Sam'al (Zincirli Höyük), is an archaeological site located in the Anti-Taurus Mountains of modern Turkey's Gaziantep Province. During its time under the control of the Neo-Assyrian Empire (c. 700 BC) it was called, by them, Sam'al.[1][2] It was founded at least as far back as the Early Bronze Age and thrived between 3000 and 2000 BC, and on the highest part of the upper mound was found a walled citadel of the Middle Bronze Age (ca. 2000–1600 BC).[3] New excavations revealed a monumental complex in the Middle Bronze Age II (ca. 1800–1700 BC), and another structure (Complex DD) that was destroyed in the mid to late 17th century BC, maybe by Hititte king Hattusili I.[4] This event was recently radiocarbon-dated to sometime between 1632 and 1610 BC,[5] during the late Middle Bronze Age II (ca. 1700–1600 BC).[6] The site was thought to have been abandoned during the Hittite and Mitanni periods, but excavations in 2021 season showed evidence of occupation during the Late Bronze Age in Hittite times (ca. 1600–1180 BC).[7] It flourished again in the Iron Age, initially under Luwian-speaking Neo-Hittites, and by 920 B.C. had become a kingdom.
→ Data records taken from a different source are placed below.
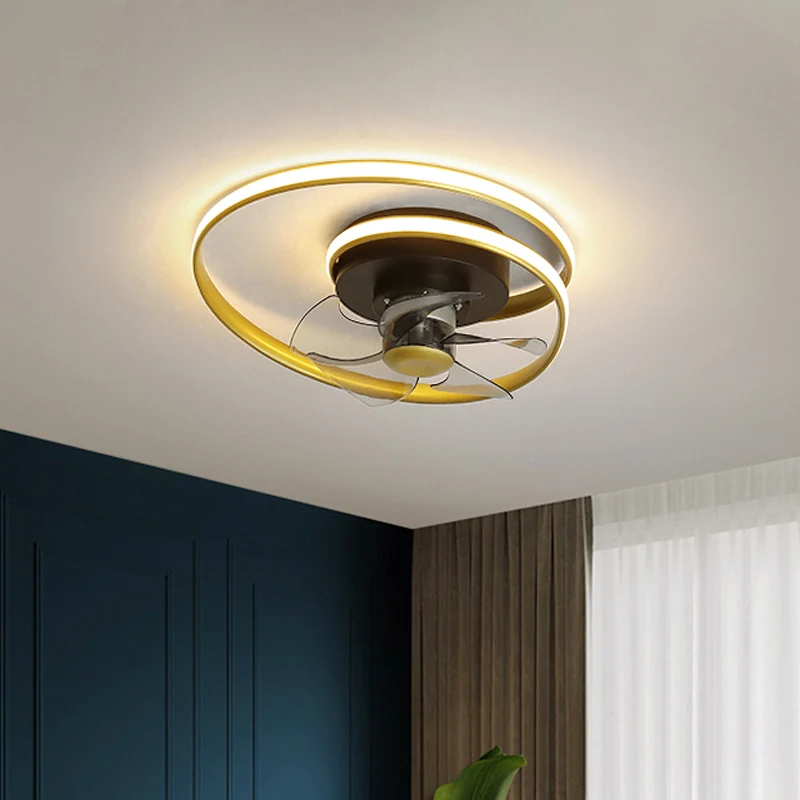 Einfache spiralförmige Kreisventilatorbeleuchtung aus Acryl, 18" W LED-Schlafzimmerleuchte, halbbündig, Schwarz und Weiß/S...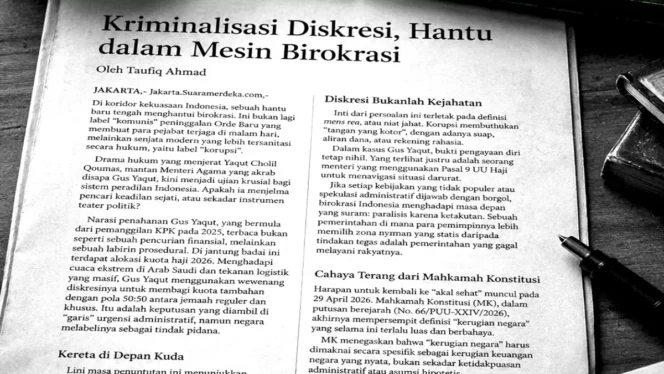 
Kriminalisasi Diskresi dan Ujian Keadilan bagi Gus Yaqut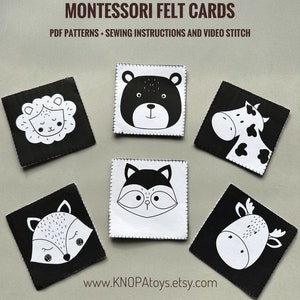 Modello pdf di cartoncini Montessori in feltro ad alto contrasto e tutorial su come realizzare cartoline montessori stampabili per l'asilo nido, attività per bambini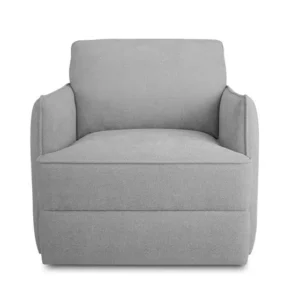 Light Grey Fabric Comfy Casual Swivel Arm Chair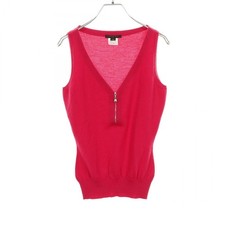LOUIS VUITTON Half Zip Strick Pullover Weste #M Kaschmir Rosa Gebraucht Damen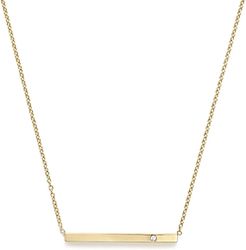 14K Yellow Gold Bar Necklace with Diamond, 16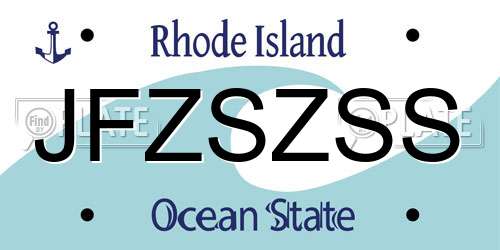JFZSZSS Rhode Island License Plate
In the 9th and 8th century BC it came under control of the Neo-Assyrian Empire and by the 7th century BC had become a directly ruled Assyrian province.


Historical map of the Neo-Hittite states, c. 800 BC, showing the location of Sam'al at modern Zincirli (3).

The site of Sam'al was occupied in the Early Bronze Age III/IV (c. 2700–2100 BC), and Middle Bronze Age II (c. 2000-1550 BC),[3] when it was sacked, probably by Hittite king Hattusili I.

Middle Bronze Age

At least from c.1700 to 1650 BC Zincirli Höyük was a trading hub with the production of wine transported in a specific type of vessel, the globular flask, being part of the trade centered in the nearby ancient Syrian region of Mamma.[8] Zincirli was located only 9 km north of Tilmen Höyük, possibly the capital of the Zalpa/Zalwar kingdom, which eventually became one of the twenty vassal small states of the Yamhad kingdom based on Aleppo.[9] Excavations by Chicago-Tubingen Expedition revealed that the bit-hilani palace of Hilani I in Zincirli (believed by the early German excavators to be from Iron Age Sam'al period) was actually a large broadroom temple from Middle Bronze Age II, lasting roughly from 1800 to 1650 BC, destroyed in mid- to late 17th century BC based on 10 radiocarbon dates.[10] Additional samples later produced a radiocarbon date of c. 1632–1610 BC for the destruction.[11] The archaeological site of Zincirli was not abandoned after Hattusili I's sack sometime around 1632 to 1610 BC, as there is recent evidence of Hittite occupation during the Late Bronze Age.[7]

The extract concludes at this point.